··· Data to process ···
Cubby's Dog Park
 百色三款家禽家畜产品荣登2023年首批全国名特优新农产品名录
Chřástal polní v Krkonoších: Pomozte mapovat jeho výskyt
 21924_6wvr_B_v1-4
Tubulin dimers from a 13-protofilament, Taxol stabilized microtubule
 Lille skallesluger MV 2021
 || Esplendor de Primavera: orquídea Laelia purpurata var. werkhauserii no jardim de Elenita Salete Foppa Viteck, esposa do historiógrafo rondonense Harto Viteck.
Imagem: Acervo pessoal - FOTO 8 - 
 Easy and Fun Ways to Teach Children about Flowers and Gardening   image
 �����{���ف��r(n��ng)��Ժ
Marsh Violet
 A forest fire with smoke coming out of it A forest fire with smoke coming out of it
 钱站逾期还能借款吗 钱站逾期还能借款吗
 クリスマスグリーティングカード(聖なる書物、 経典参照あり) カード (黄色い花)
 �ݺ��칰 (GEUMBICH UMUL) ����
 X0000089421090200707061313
···
Reproduce the lines of the records exactly, from the first one through the line that contains "Lille skallesluger MV 2021".

Cubby's Dog Park
 百色三款家禽家畜产品荣登2023年首批全国名特优新农产品名录
Chřástal polní v Krkonoších: Pomozte mapovat jeho výskyt
 21924_6wvr_B_v1-4
Tubulin dimers from a 13-protofilament, Taxol stabilized microtubule
 Lille skallesluger MV 2021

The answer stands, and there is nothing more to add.